The first predictive model we use is an LSTM-based sequence model designed to
capture temporal structure in mobility flows. Each input sample is a
fixed-length sequence containing `SEQ_LEN` consecutive half-hour records for a
single grid cell. Each record has the full feature vector consisting of the
flow value, POI-based attributes, and the time-encoding variables.

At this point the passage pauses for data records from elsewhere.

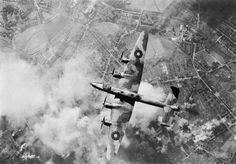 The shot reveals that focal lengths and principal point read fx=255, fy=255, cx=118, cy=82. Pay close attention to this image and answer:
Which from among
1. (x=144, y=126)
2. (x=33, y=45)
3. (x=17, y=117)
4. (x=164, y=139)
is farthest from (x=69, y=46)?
(x=164, y=139)

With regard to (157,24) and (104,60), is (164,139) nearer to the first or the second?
(104,60)

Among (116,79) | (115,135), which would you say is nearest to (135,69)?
(116,79)

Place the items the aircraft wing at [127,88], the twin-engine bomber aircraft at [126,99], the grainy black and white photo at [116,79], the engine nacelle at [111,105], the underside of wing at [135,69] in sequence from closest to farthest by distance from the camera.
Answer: the twin-engine bomber aircraft at [126,99], the aircraft wing at [127,88], the engine nacelle at [111,105], the underside of wing at [135,69], the grainy black and white photo at [116,79]

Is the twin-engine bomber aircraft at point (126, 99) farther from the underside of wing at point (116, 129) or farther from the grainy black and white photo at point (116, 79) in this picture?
the grainy black and white photo at point (116, 79)

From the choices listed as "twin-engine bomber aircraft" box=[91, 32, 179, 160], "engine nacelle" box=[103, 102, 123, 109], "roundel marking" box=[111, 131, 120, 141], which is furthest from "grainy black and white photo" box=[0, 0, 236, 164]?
"roundel marking" box=[111, 131, 120, 141]

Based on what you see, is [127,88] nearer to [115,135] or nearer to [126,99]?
[126,99]

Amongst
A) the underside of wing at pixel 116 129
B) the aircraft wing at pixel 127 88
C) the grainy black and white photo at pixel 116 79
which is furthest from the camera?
the grainy black and white photo at pixel 116 79

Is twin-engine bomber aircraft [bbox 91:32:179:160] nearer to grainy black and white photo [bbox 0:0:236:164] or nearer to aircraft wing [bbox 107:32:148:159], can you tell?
aircraft wing [bbox 107:32:148:159]

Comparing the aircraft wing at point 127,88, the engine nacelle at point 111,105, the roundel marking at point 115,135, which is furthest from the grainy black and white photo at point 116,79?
the roundel marking at point 115,135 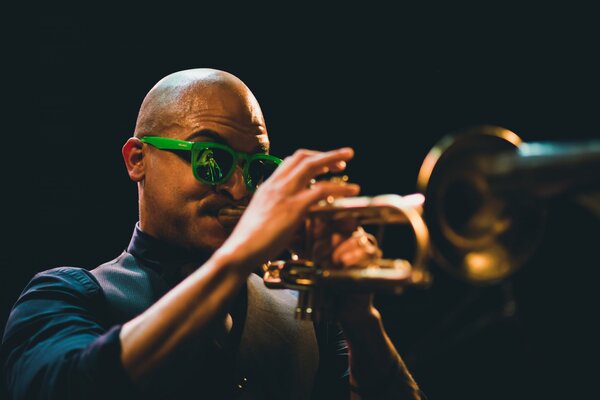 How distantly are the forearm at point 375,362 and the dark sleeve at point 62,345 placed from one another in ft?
3.18

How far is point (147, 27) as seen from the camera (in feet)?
12.2

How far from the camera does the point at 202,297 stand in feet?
5.52

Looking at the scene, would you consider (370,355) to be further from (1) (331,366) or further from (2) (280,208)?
(2) (280,208)

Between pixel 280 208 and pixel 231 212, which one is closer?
pixel 280 208

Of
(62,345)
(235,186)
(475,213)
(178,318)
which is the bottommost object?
(62,345)

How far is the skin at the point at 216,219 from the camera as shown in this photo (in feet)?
5.52

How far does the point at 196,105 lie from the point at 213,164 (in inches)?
12.4

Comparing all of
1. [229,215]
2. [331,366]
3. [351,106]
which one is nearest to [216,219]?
[229,215]

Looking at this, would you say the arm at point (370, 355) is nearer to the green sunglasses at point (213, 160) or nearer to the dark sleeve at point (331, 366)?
the dark sleeve at point (331, 366)

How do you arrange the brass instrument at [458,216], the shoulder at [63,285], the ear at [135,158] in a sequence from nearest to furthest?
the brass instrument at [458,216]
the shoulder at [63,285]
the ear at [135,158]

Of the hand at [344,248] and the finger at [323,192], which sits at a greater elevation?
the finger at [323,192]

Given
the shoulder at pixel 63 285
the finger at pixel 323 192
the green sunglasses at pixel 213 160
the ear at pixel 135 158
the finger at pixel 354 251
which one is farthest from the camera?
the ear at pixel 135 158

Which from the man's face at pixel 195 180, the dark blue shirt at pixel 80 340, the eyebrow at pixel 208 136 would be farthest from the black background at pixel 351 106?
the eyebrow at pixel 208 136

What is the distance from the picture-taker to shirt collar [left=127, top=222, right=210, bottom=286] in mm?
2559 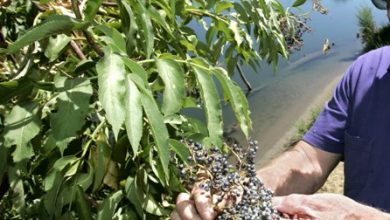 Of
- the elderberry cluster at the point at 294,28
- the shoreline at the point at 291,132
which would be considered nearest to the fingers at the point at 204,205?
the elderberry cluster at the point at 294,28

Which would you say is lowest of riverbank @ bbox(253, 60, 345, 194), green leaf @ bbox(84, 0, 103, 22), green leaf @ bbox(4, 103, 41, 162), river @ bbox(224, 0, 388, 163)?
river @ bbox(224, 0, 388, 163)

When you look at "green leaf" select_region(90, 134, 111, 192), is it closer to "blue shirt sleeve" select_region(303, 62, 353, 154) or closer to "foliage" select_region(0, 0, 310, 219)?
"foliage" select_region(0, 0, 310, 219)

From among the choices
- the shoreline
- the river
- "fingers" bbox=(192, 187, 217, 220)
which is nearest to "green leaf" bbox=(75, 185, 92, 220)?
"fingers" bbox=(192, 187, 217, 220)

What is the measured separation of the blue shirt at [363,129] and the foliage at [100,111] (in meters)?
0.64

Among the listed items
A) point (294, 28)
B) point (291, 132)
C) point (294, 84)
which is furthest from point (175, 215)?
point (294, 84)

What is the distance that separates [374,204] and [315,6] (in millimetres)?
1315

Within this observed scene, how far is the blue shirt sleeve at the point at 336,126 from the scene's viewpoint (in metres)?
1.68

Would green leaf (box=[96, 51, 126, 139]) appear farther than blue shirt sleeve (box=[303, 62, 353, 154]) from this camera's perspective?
No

The LSTM processes these sequences one time step at a time. As it moves through
the eight input steps, it maintains a hidden state that summarizes the
information accumulated so far. After the final time step, the hidden state
represents the model’s understanding of the recent history of the cell.

To make a prediction, we take this final hidden state and feed it into a
fully connected layer that outputs a single value: the predicted next-step
flow. This structure allows the model to learn temporal dependencies,
non-linear feature interactions, and recurring movement patterns across days.

The LSTM used here has:
- batch-first input format,
- a hidden size of 64,
- two stacked recurrent layers,
- and a final linear layer that maps the hidden representation into a scalar
  prediction.

The model is trained end-to-end with the Adam optimizer and mean squared error
as the loss function.


In [None]:
import torch
from torch import nn

input_dim = len(feature_cols)
hidden_dim = 64
num_layers = 2

class FlowLSTM(nn.Module):
    def __init__(self, input_dim, hidden_dim=64, num_layers=2):
        super().__init__()
        self.lstm = nn.LSTM(
            input_size=input_dim,
            hidden_size=hidden_dim,
            num_layers=num_layers,
            batch_first=True
        )
        self.fc = nn.Linear(hidden_dim, 1)

    def forward(self, x):
        # x: [B, L, F]
        out, _ = self.lstm(x)        
        last_hidden = out[:, -1, :]   
        y_pred = self.fc(last_hidden)  
        return y_pred.squeeze(-1)     


class LinearSeqModel(nn.Module):
    def __init__(self, input_dim, seq_len):
        super().__init__()
        self.seq_len = seq_len
        self.fc = nn.Linear(input_dim * seq_len, 1)

    def forward(self, x):
        # x: [B, L, F]
        B, L, F = x.shape
        x_flat = x.reshape(B, L * F)  
        y_pred = self.fc(x_flat)       
        return y_pred.squeeze(-1)     


#### 4.2 Linear sequence baseline

To provide a simple point of comparison, we also include a linear baseline
model. Instead of using a recurrent structure, this model treats the entire
input sequence as a single flat vector. All `SEQ_LEN` feature rows are
concatenated into one long input, and the model applies a single fully
connected layer to map this vector directly to a predicted next-step flow.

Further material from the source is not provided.